What I had not done was apply this to anything useful. My next port of call was to the client libraries. I’m a fan of typesript and it looks to also be the one that’s had the most amount of effort put into it. The others look like they should be more clearly marked as ‘works in progress’.
With a good handle on what I wanted to do and the syntax I needed to do it, I dove straight in to using the client. What surprised me was that this would turn out to be the most clunky experience of the day. There’s a few points where the docs espouse the clients as almighty and superior to SQL ORMs (a fair point) but they also provide code snippets that aren’t valid typescript and a layer of abstraction on top of the new mental model that I just had to learn that isn’t actually that close.
Of particular note here is the filter
syntax when creating select queries. Here was my rough thought process for the above snippet in pseudo-code:
`
The reference query:
select Movie {
id,
title,
uppercase_title := str_upper(.title)
}
filter .title = "Iron Man"
`
// my expected use of the library
e.select(e.Movie, movie => ({
id: true,
title: true,
uppercase_title: e.str_upper(movie.title),
})).filter({
title: e.eq("Iron Man")
})
// the actual use of the library (also a fix for the typo in the docs)
e.select(e.Movie, movie => ({
id: true,
title: true,
uppercase_title: e.str_upper(movie.title),
filter: e.op(movie.title, '=', 'Iron Man')
});
To labour this point a little more, understanding the grammar of the query language is an important step towards understanding how the database works and what it can do for you. The structures that each type of bracket provide, the way that filters work and the context provided to each of them is an important point that I think the docs stumble over but this client library makes more clear.
The client library explicitly makes it clear that the filter is part of the same context as the select statement. The type that’s removed for brevity in the filter statement refers to a specific set of results yet it sits outside of the curly brackets used to choose the desired properties. None of this, in isolation, is difficult but it’s very easy to build up slightly the wrong mental model and have to break through it later. A better introduction to the client libraries from the beginning of the guides might solve some these issues.
GraphQL
On first thought the native GraphQL support seems pretty cool. On second thought, it seems a bit meaningless.

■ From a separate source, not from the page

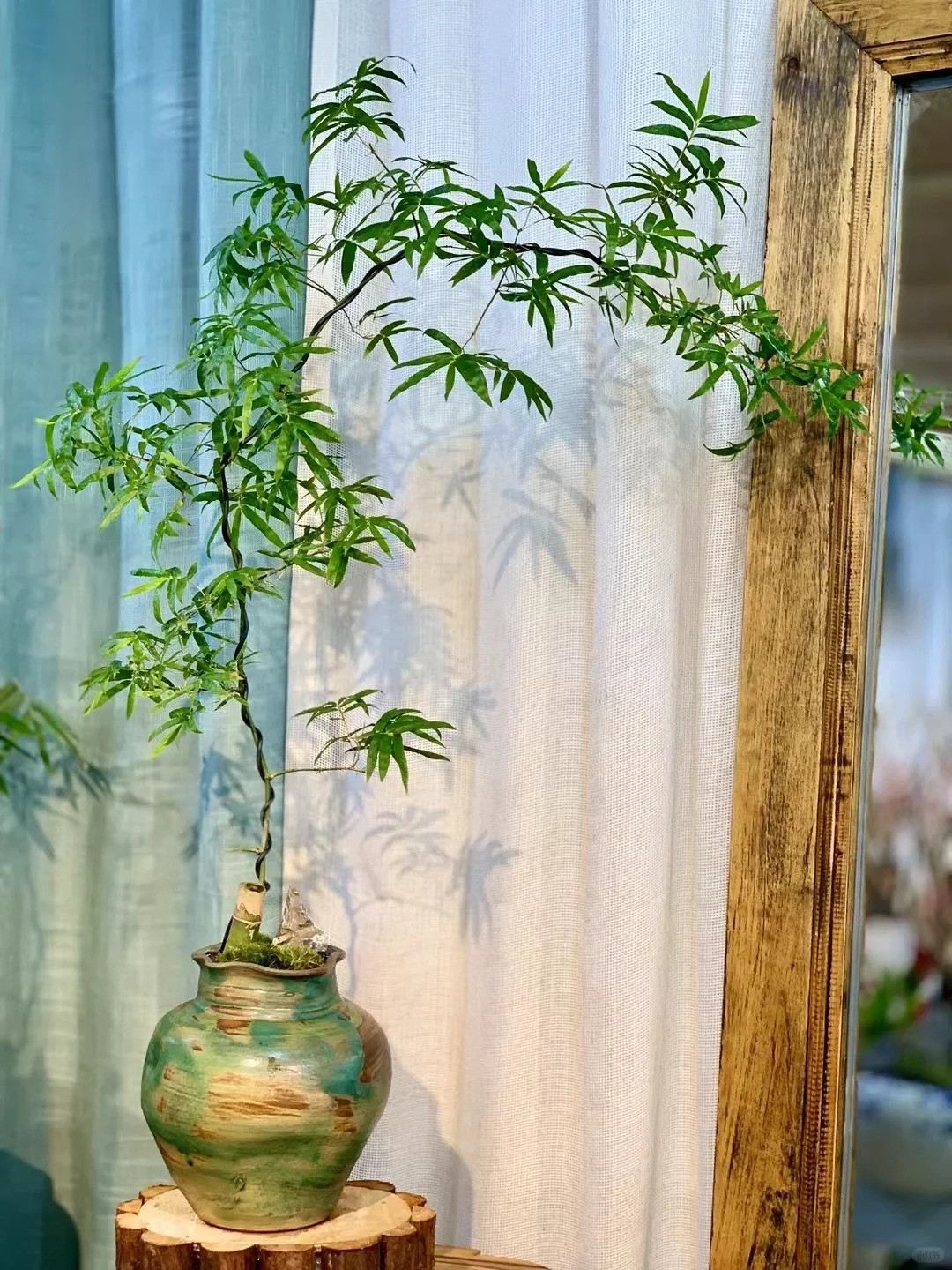  3. Người xưa nói: Tre ra hoa vận may bị ảnh hưởng. Tre không chỉ được sử dụng với mục đích làm cảnh mà chúng còn là loại cây có ý nghĩa phong thủy tốt và được nhiều gia đình chọn làm cây cảnh trồng trong nhà. Theo người xưa, tre là biểu tượng của sự bền vững, sức mạnh và tuổi thọ.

It’s less feature-rich, there are a bunch of limitations and notices over the docs telling you to be careful about using it and (unsurprisingly) subscriptions aren’t a thing.

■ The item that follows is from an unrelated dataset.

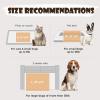 image1 Pack 3 Blankets Super Soft Fluffy Premium Fleece Pet Blanket Flannel Throw for Dog Puppy Cat Paw Brown Small23x16 inchGreypaw Line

There’s nothing in the way of why you might want this in the docs. I’d be interested to understand the use case. Since you can send EdgeQL over HTTP, a simpler and more flexible model, no good use case springs to mind.

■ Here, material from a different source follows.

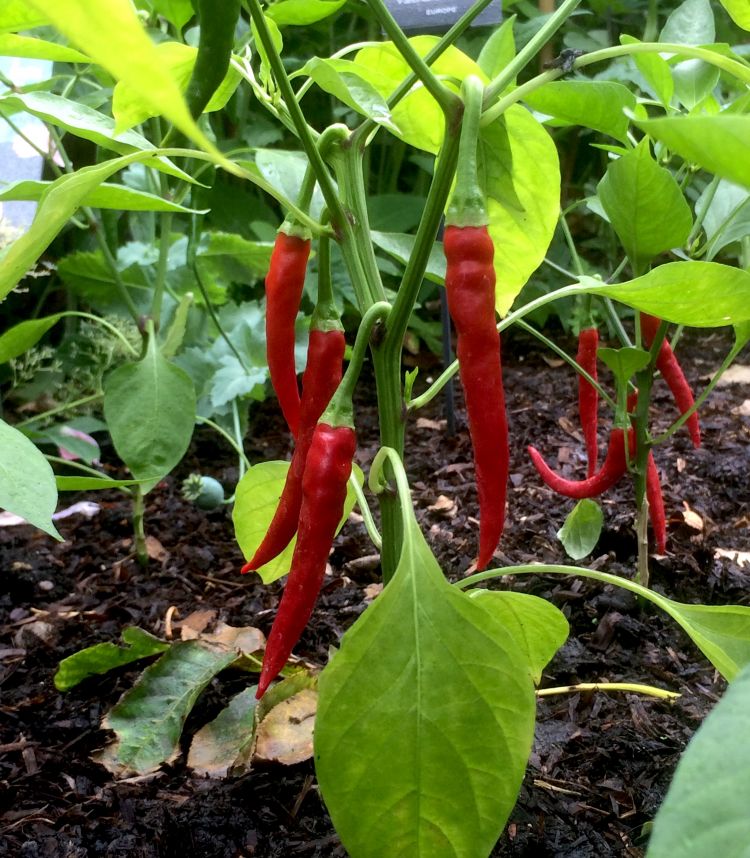 </i>Capsicum annuum</i>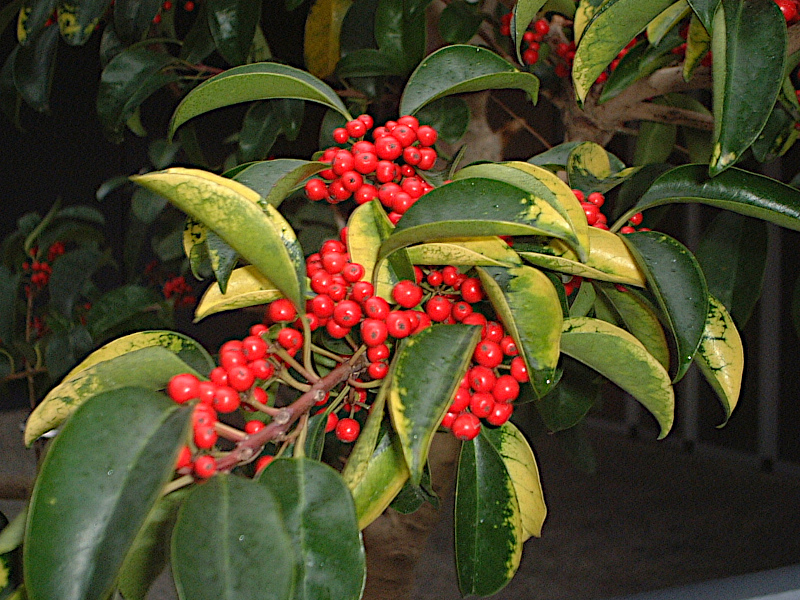 �s���J���T(Pyracantha)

That said, I did check it out and it did do as advertised. However, the standard that the rest of the tool holds itself to seems to have dropped a bit here. It’s significantly more awkward to access the graphql endpoint than anything else. The awkward install location made it even harder to find the port that I needed.
Deployment
The current deployment options are a bit over the “basically free” bar that I have for experiments and I’d assume that the hosted options will include a free tier. Lower barrier to entry = more room for experiments = more adoption!
Summary
I’m looking forward to using it more! It’ll be my go-to for the next project I start.